The Committee urged the Government to refresh the Closing the Gap strategy; to ensure that the principle of free, prior and informed consent be embedded in legislation affecting aboriginal rights and entitlements; and to promote and apply the principles enshrined in the UN Declaration of the Rights of Indigenous Peoples.
As to the fulfilment of Australia’s obligations under the International Covenant on Civil and Political Rights, the UN Human Rights Committee has expressed its acute frustration that its recommendations have been routinely ignored. So, for example, Australia has given insufficient consideration to the necessity to protect fundamental human rights when drafting counter-terrorism legislation. It has not legislated comprehensively to protect the right to equality and non-discrimination. It has not enacted legislation to outlaw hate speech. It has done nothing to redress the alarmingly high rates of indigenous incarceration. It has been reticent in dealing with brutality in youth detention facilities. Australia remains alone among Western countries in having neither a constitutional nor statutory Bill of Rights.

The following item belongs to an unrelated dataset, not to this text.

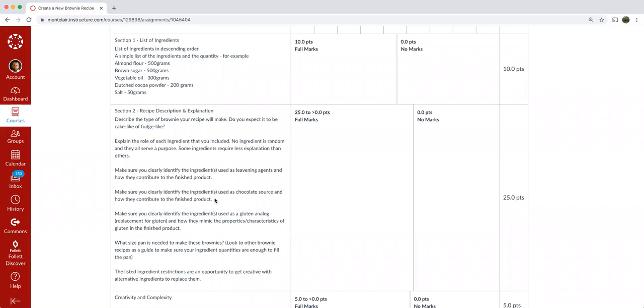Make sure you clearly identify the ingredients used as a chocolate source and how they contribute to the finished product. Are you using dark chocolate, semi-sweet chocolate? Are you melting it down and then adding it to the mix? Are you using a dry cocoa powder? If you're using cocoa powder, are you using unsweetened cocoa powder or are you using Dutch processed cocoa powder, which reduces the bitterness and also lightens the color a little? Well, it makes it look darker. I reversed that. I'm sorry.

It would have been good if we could have greeted Australia’s ascension to membership of the UN Human Rights Council with a measure of optimism as to its future contribution to the protection of civil and political rights internationally. Instead, we shall have to hope that during its term Australia’s government will become more sensitised to and educated about the necessity to observe international human rights norms than its current heedlessness at home so clearly undermines.
Spencer Zifcak is Allan Myers Professor of Law at Australian Catholic University. He is the former President of Liberty Victoria.